Gemäß § 171 Abs. 10 AO 1977 endet die Festsetzungsfrist, soweit für die Festsetzung einer Steuer ein Feststellungsbescheid als Grundlagenbescheid bindend ist, nicht vor Ablauf eines Jahres nach Bekanntgabe des Grundlagenbescheids. Zweck dieser Regelung ist es, den Finanzbehörden ausreichend Zeit für die Auswertung eines Grundlagenbescheids einzuräumen. § 171 Abs. 10 AO 1977 ist somit die verjährungsrechtliche Ergänzung zu § 175 Abs. 1 Nr. 1 AO 1977, wonach ein Steuerbescheid zu erlassen, aufzuheben oder zu ändern ist, soweit ein Grundlagenbescheid, dem Bindungswirkung für diesen Steuerbescheid zukommt, erlassen, aufgehoben oder geändert wird.
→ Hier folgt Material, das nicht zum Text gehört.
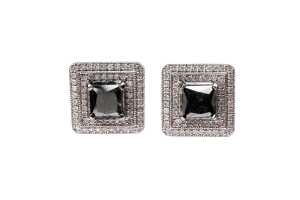 A pair of black and white diamond earrings in 14 carat white gold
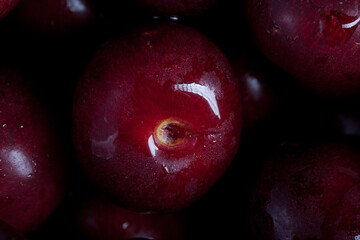 big fresh ripe black cherry super macro photo with blurred background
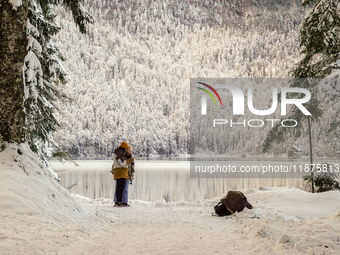 Hikers are at Eibsee in Grainau, Bavaria, Germany, on December 13, 2024. The lake is located 9 km southwest of Garmisch-Partenkirchen below...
§ 171 Abs. 10 AO 1977 bewirkt, daß - unbeschadet des Ablaufs der Festsetzungsfrist für die Folgesteuer im übrigen - der Ablauf der Festsetzungsfrist insoweit gehemmt ist, als die Folgesteuer auf einem Grundlagenbescheid beruht oder beruhen kann. Daraus folgt, daß der Ablauf der Festsetzungsfrist für die Folgesteuer insoweit verknüpft ist mit der Feststellungsfrist (vgl. § 181 Abs. 1 bis 3 AO 1977), die ihrerseits für die Zulässigkeit des Erlasses des Grundlagenbescheids (§ 169 Abs. 1 Satz 1 i.V.m. § 181 Abs. 1 AO 1977) maßgeblich ist. § 171 Abs. 10 AO 1977 bewirkt folglich nicht, wie das FG meint, daß eine zunächst abgelaufene Festsetzungsfrist durch den Erlaß eines Grundlagenbescheids im Umfang der von diesem ausgehenden Bindungswirkung wieder erneut in Lauf gesetzt wird. Soweit und solange in offener Feststellungsfrist ein Feststellungsbescheid, der für die Festsetzung einer Steuer bindend ist, noch zulässig ergehen kann, ist der Ablauf der Festsetzungsfrist für die Folgesteuer im Ausmaß der Bindung dieses Grundlagenbescheids gehemmt und wird diese Hemmung durch § 171 Abs. 10 AO 1977 auf die Frist von einem Jahr nach Bekanntgabe des Grundlagenbescheids ausgedehnt.

Die Ablaufhemmung bezieht sich dabei nur auf diejenige Steuer (denjenigen Steuerbetrag oder -teilbetrag), für die die Besteuerungsgrundlagen abweichend von § 157 Abs. 2 AO 1977 im Feststellungsbescheid verbindlich (§ 182 Abs. 1 AO 1977) gesondert festgestellt sind. Die Begrenzung der Ablaufhemmung folgt aus der in § 171 Abs. 10 AO 1977 durch das Wort "soweit" enthaltenen Einschränkung. § 181 Abs. 5 AO 1977 hat dabei außer Betracht zu bleiben (vgl. § 181 Abs. 5 Satz 1 letzter Halbsatz AO 1977).